Star yazarı Ahmet Taşgetiren, “Kimsesi olanlar - olmayanlar” başlıklı yazısında adaletin iyi işlemediğine ve mağduriyetlere dikkat çekti.
Taşegetiren’in dün (11 Haziran 2017) Star’da yayınlana yazısının bir bölümü şöyle: “On binlerce insan tutuklu durumda. Yüz bini aşkın insan da ya kamuda ihraç edilmiş ya da açığa alınmış durumda. Oysa içerdeki insanların bir kısmının henüz iddianamesi bile yok, ihraç edilen ya da açığa alınanların ne ile suçlandıkları net değil.
Ayrıca“FETÖ ile irtibat” çok ağır bir suçlama. Tutuklu olanların savunma için avukat tutmaları çok büyük bedel ödemeyi gerektiriyor. O damgayı yiyerek kamudan ihraç edilen birisinin dışarda iş bulma imkanı da neredeyse sıfır. Bu durum, aileler planında çok geniş bir etkilenme alanı oluşturuyor. Orada geleceğe dönük ciddî problemler biriktiğini görmek lâzım.

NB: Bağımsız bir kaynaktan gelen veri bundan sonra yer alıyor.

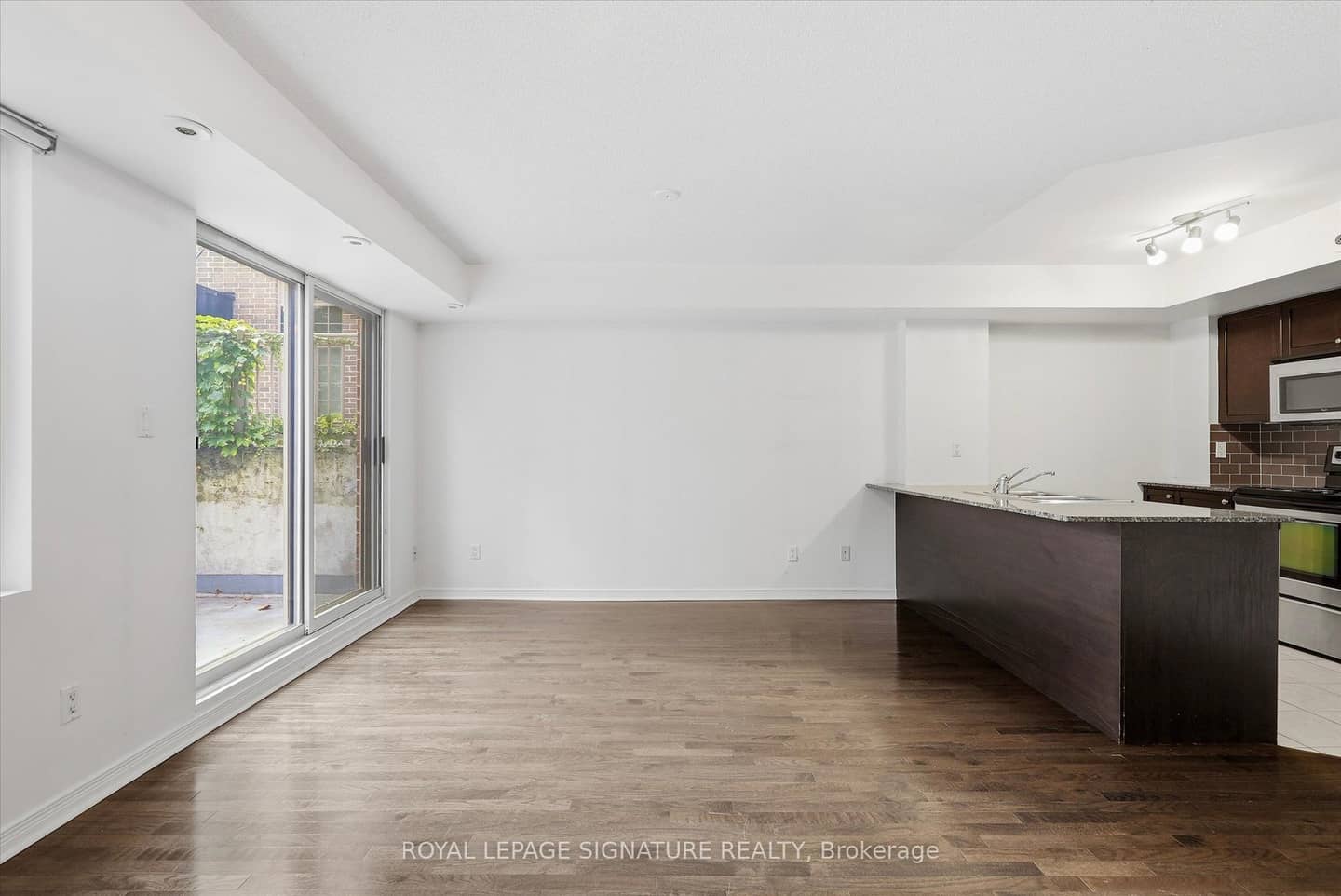 5 Elsie Lane TH135, Toronto, ON M6P 3N3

Şimdi şu sıralar her ortamda bu durumun 2019’daki seçimleri nasıl etkileyeceği konuşuluyor. Bir yerde Cumhurbaşkanı’na, AKP’ye, “2019 kaygısı” üzerinden mesaj verilmek isteniyor.
Ben bunu da, işi, “Adalet”i değil de, “siyasal çıkar”ı öncelemek gibi bir noktaya çekmesi açısından, özellikle Sayın Cumhurbaşkanı’nın kişiliği bakımından yaralayıcı buluyorum.
Ne yani biz insanlarımızı “Adalet hassasiyeti” ile değil de “Siyasî çıkar hesabı” ile mi uyaracağız?
Ben başta Sayın Cumhurbaşkanı olmak üzere yönetimdeki insanların adaleti ıskaladıklarını asla düşünmem. Ama bu işte zorluklar bulunduğu muhakkak.
Sayın Cumhurbaşkanı başta bir kategorileştirme yaptı. İbadet, ticaret, ihanet katmanı şeklinde. Şimdi çok yaygın kanaat şu ki, operasyonlar özellikle ibadet katmanını vuruyor. “İhanet” katmanının önemli bir kısmı yurt dışına kaçtı, bir kısmı 15 Temmuz darbe girişimi ile ilişkisi sebebiyle yargılanıyor, ama “iltisaklı” kapsamına sokulan yüzbinler bir şekilde darbe yemiş durumda.
Hani AKP’nin “Kimsesizlerin kimsesi olmak” gibi bir söylemi vardı. Formül nasıl bulunur bilmiyorum, ama şu anda FETÖ iltisakı sebebiyle içeri alınan ya da kamudan ihraç edilen – açığa alınan ama “ulaşacak kimsesi olmayan” insanların “Kimsesi olmak” gibi bir zaruret var.
Adalet olsun. Adalet mülkün temelidir. Geciken adalet olmasın. OHAL Komisyonu “işin komisyona havalesi” gibi bir formüle dönüşmesin. Mazlûmiyet oluşmasın. Mazlumiyetin telâfisi çok zor. Yüreklerde açılan yaranın en çok duaları etkileyeceğini unutmamak lazım. Sayın Cumhurbaşkanı’nın şehit duyarlılığı çok güzel, mazlûmiyet duyarlılığı da çok hayati bana göre.”